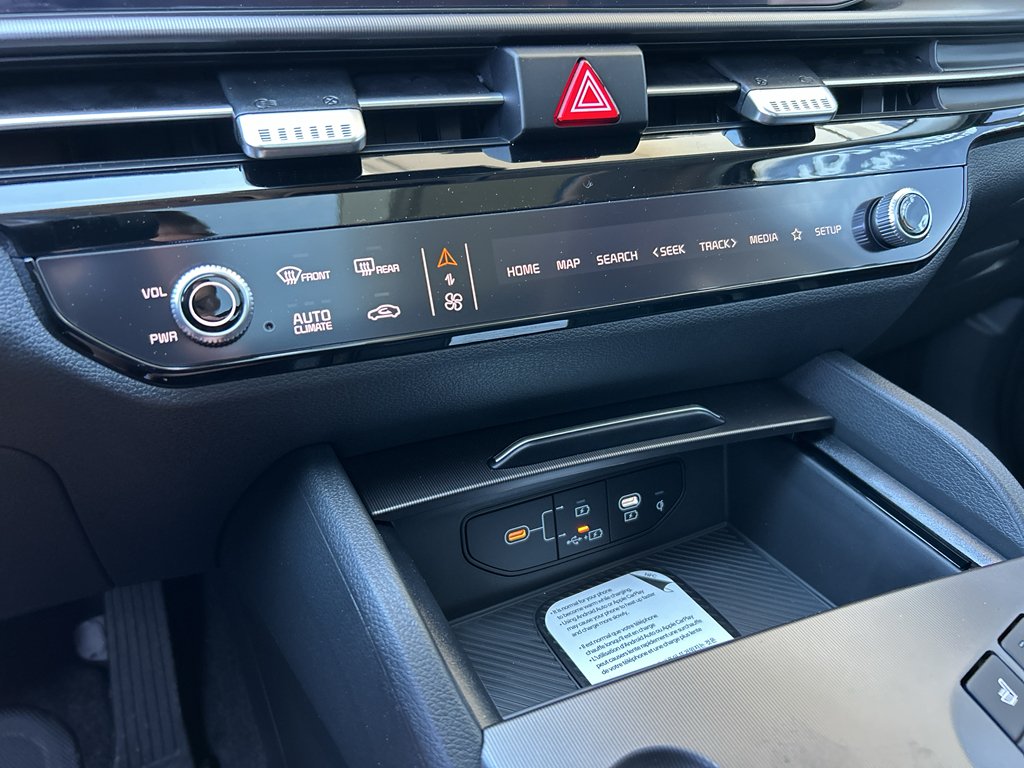 New 2026 Snow White Pearl Kia SX Prestige image 23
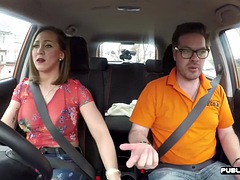 Tetas grandes, Coche, Europeo, Perforación, Público, Chupando, Tatuaje, Maestra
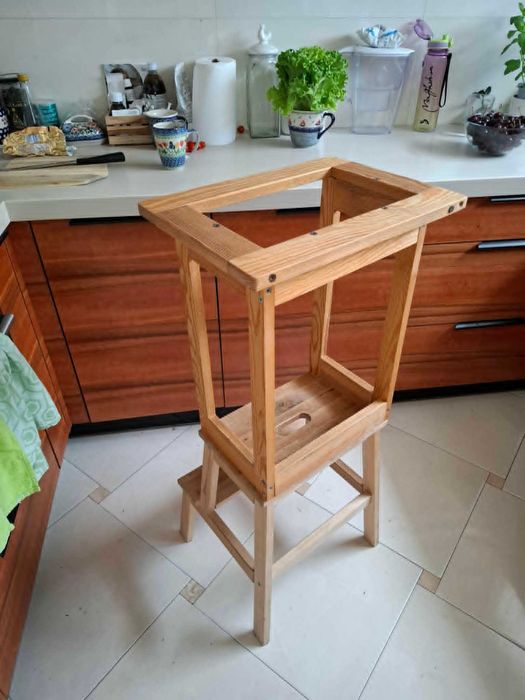 Kitchen helper handmade do małej kuchni, pomocnik kuchenny dla dziecka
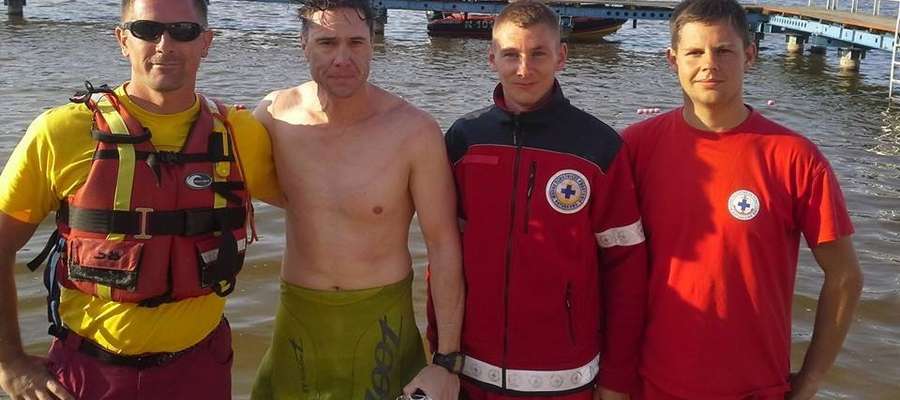 Pływak Tomasz Chwaliszewski (drugi z lewej) w towarzystwie ratowników WOPR Iława już na mecie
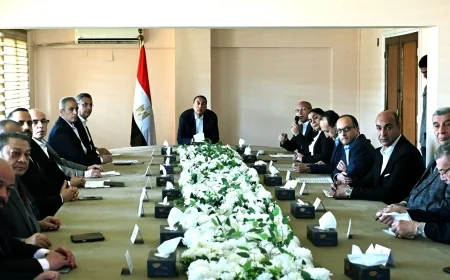 مدبولي يجتمع بمجلس إدارة سوق العبور لتجارة الجملة لضبط الأسواق وتعزيز توافر السلع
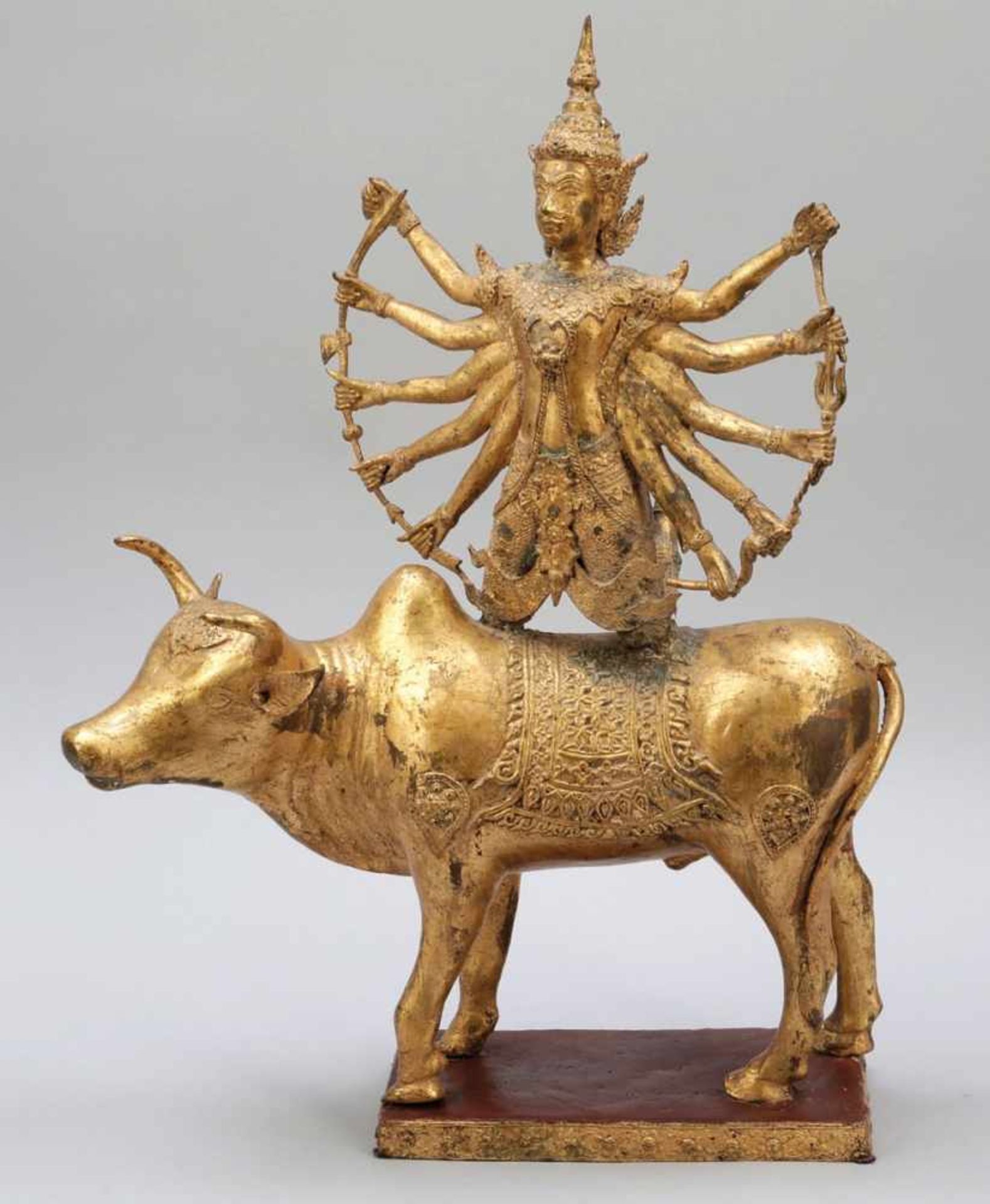 Shiva auf dem Stier Thailand, frühes 20. Jahrhundert. Bronze, vergoldet. H. 68 cm. Shiva ist einer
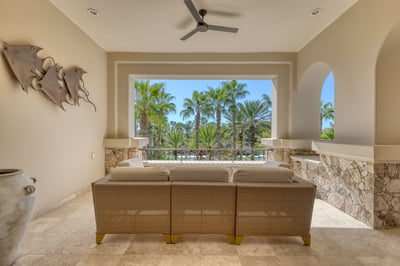 Luxury Villa Photo #29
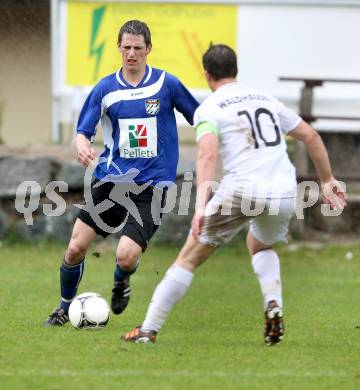 Fussball Kaerntner Liga. ATUS Ferlach gegen RZ Pellets WAC/St. Andrae. Thomas Waldhauser, (Ferlach), Patrick Pfennich (WAC). Ferlach, 7.4.2012.
Foto: Kuess
---
pressefotos, pressefotografie, kuess, qs, qspictures, sport, bild, bilder, bilddatenbank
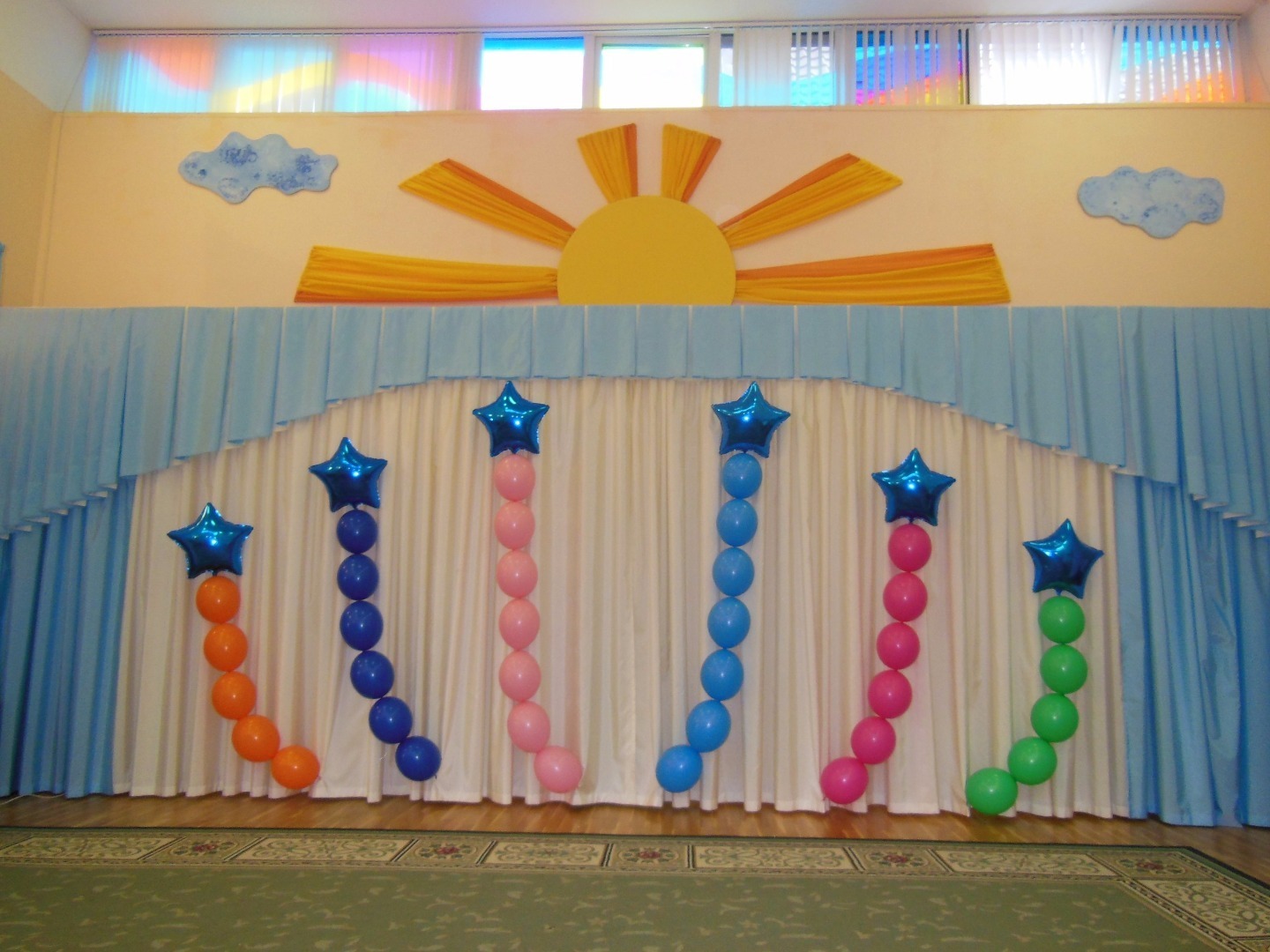 Оформление зала ко Дню независимости в детском саду
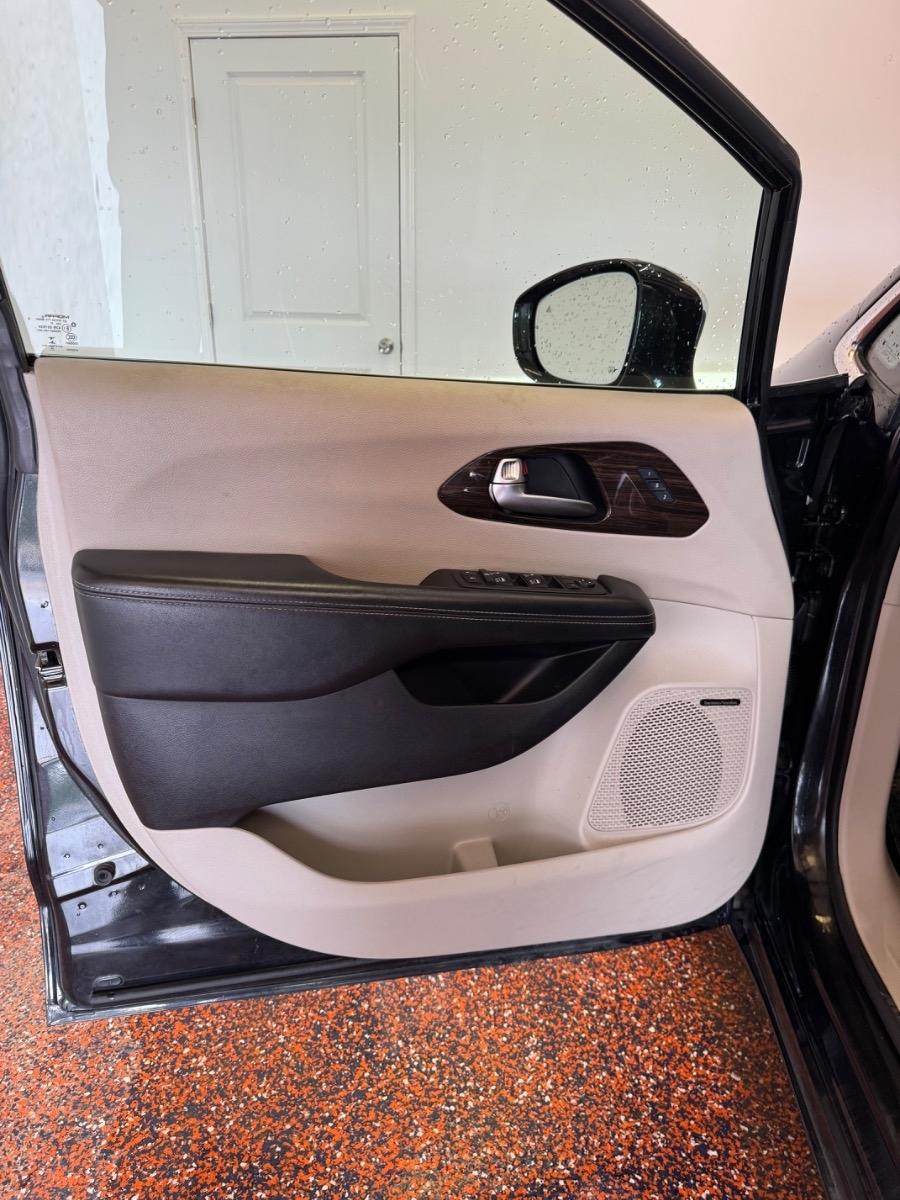 Chrysler Pacifica Limited FWD 2022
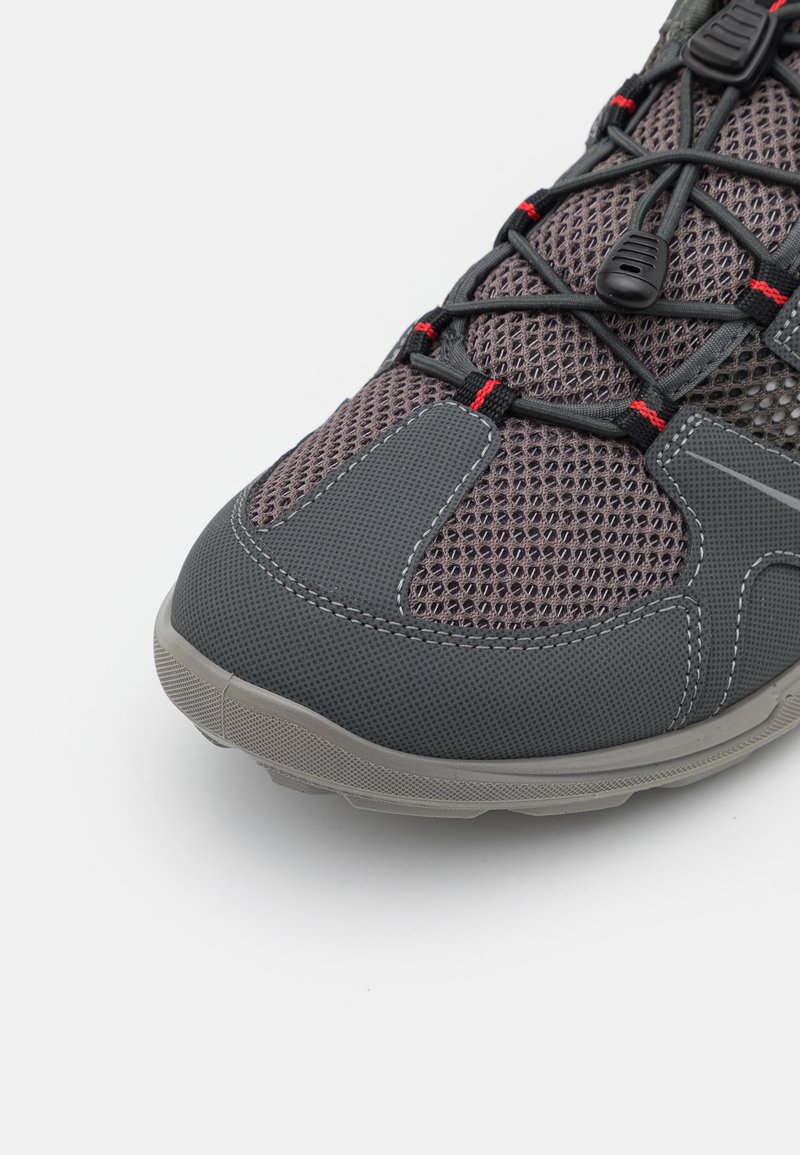 dark shadow sneakers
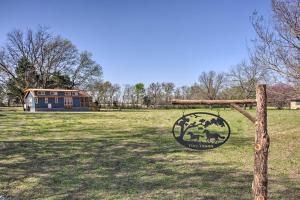 Fotografie z fotogalerie ubytování 4 Mi to Dtwn McKinney Tiny Home with Fire Pit v destinaci McKinney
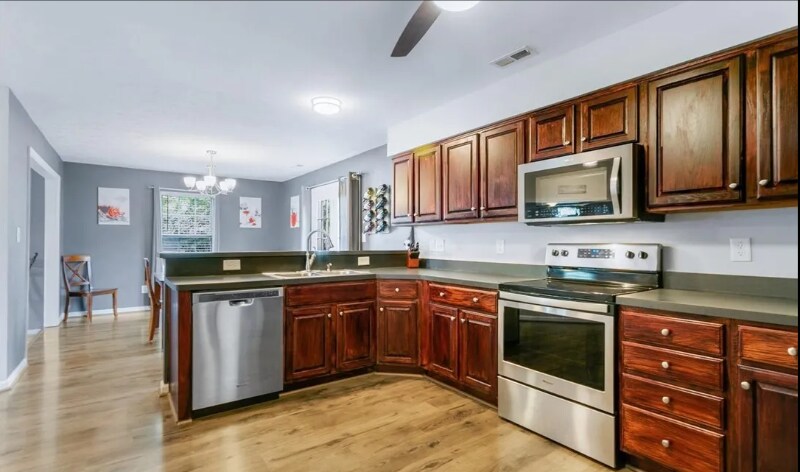 Building Photo - 5620 Scotts Pond Dr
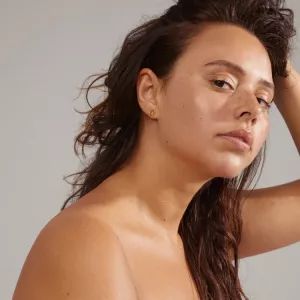 Örhänge Iben Guldpläterad – Pilgrim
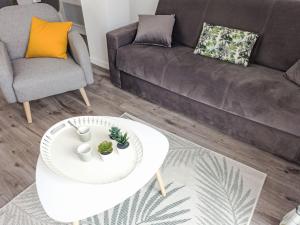 ein Wohnzimmer mit Sofa und Tisch in der Unterkunft Apartment Cap Océan-11 by Interhome in Capbreton + 56 Fotos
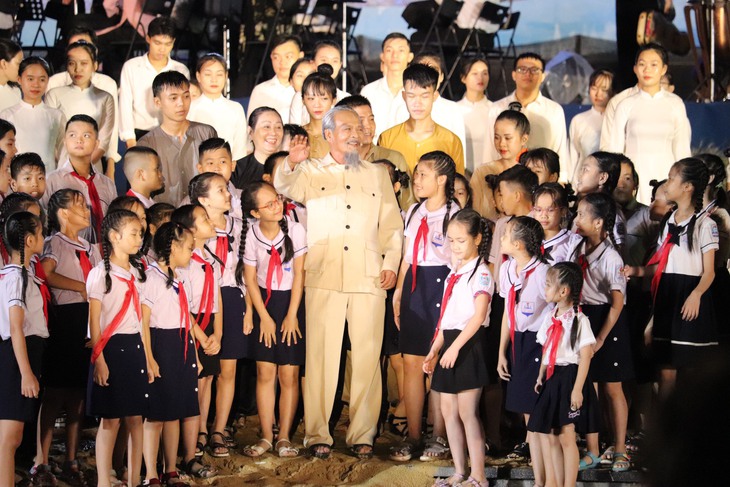 Đã 65 năm Ngày Bác Hồ về thăm Quảng Bình, từ ấy người Vân Kiều, Pa Kô mang họ Người - Ảnh 5.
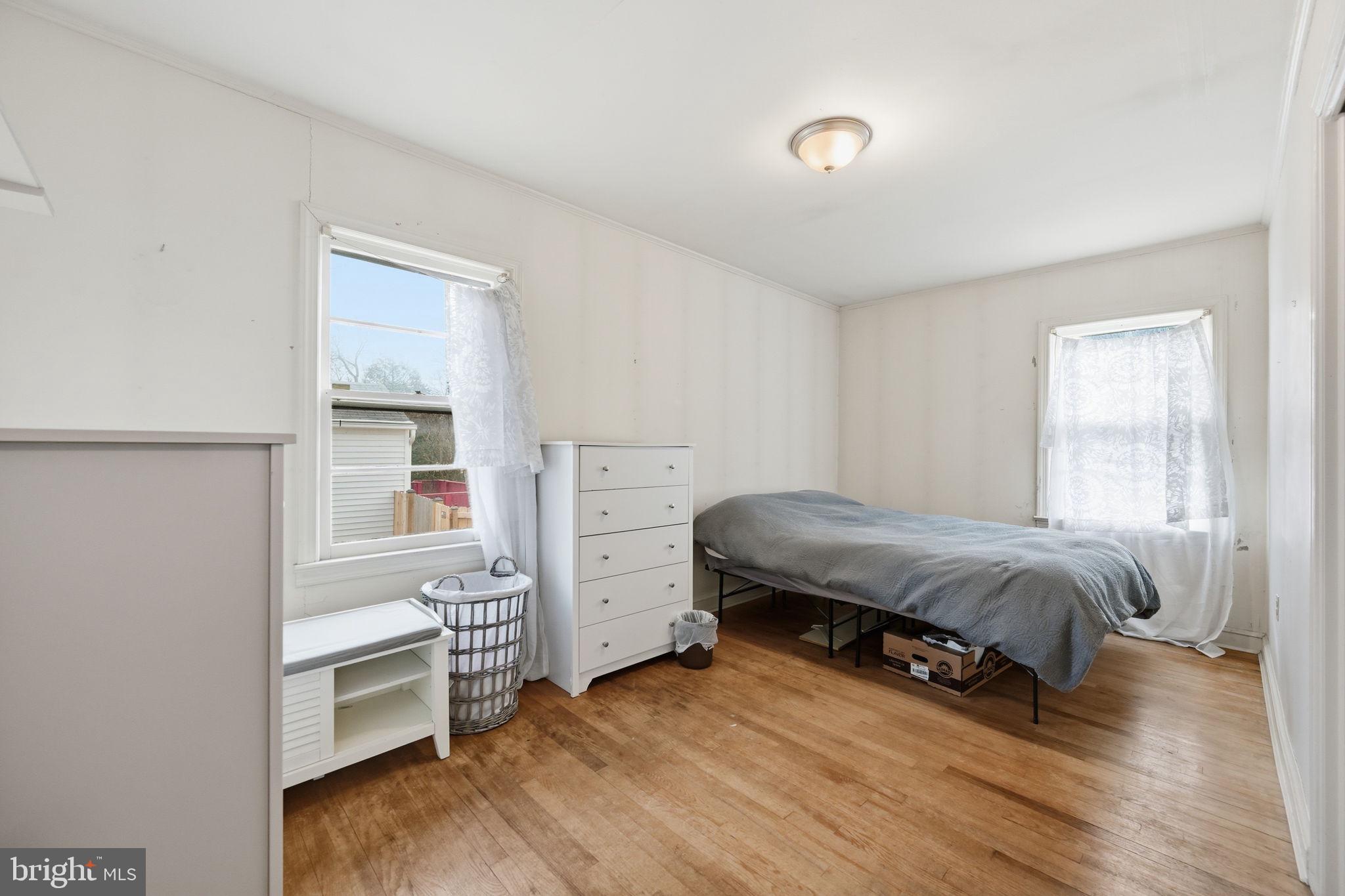 BURNT MILLS GAR-VILL - Residential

» **Task**
Reproduce the data above without a single change, please, but without its pictures.

» **The answer**
 New 2026 Snow White Pearl Kia SX Prestige image 23
 Tetas grandes, Coche, Europeo, Perforación, Público, Chupando, Tatuaje, Maestra
 Kitchen helper handmade do małej kuchni, pomocnik kuchenny dla dziecka
 Pływak Tomasz Chwaliszewski (drugi z lewej) w towarzystwie ratowników WOPR Iława już na mecie
 مدبولي يجتمع بمجلس إدارة سوق العبور لتجارة الجملة لضبط الأسواق وتعزيز توافر السلع
 Shiva auf dem Stier Thailand, frühes 20. Jahrhundert. Bronze, vergoldet. H. 68 cm. Shiva ist einer
 Luxury Villa Photo #29
 Fussball Kaerntner Liga. ATUS Ferlach gegen RZ Pellets WAC/St. Andrae. Thomas Waldhauser, (Ferlach), Patrick Pfennich (WAC). Ferlach, 7.4.2012.
Foto: Kuess
---
pressefotos, pressefotografie, kuess, qs, qspictures, sport, bild, bilder, bilddatenbank
 Оформление зала ко Дню независимости в детском саду
 Chrysler Pacifica Limited FWD 2022
 dark shadow sneakers
 Fotografie z fotogalerie ubytování 4 Mi to Dtwn McKinney Tiny Home with Fire Pit v destinaci McKinney
 Building Photo - 5620 Scotts Pond Dr
 Örhänge Iben Guldpläterad – Pilgrim
 ein Wohnzimmer mit Sofa und Tisch in der Unterkunft Apartment Cap Océan-11 by Interhome in Capbreton + 56 Fotos
 Đã 65 năm Ngày Bác Hồ về thăm Quảng Bình, từ ấy người Vân Kiều, Pa Kô mang họ Người - Ảnh 5.
 BURNT MILLS GAR-VILL - Residential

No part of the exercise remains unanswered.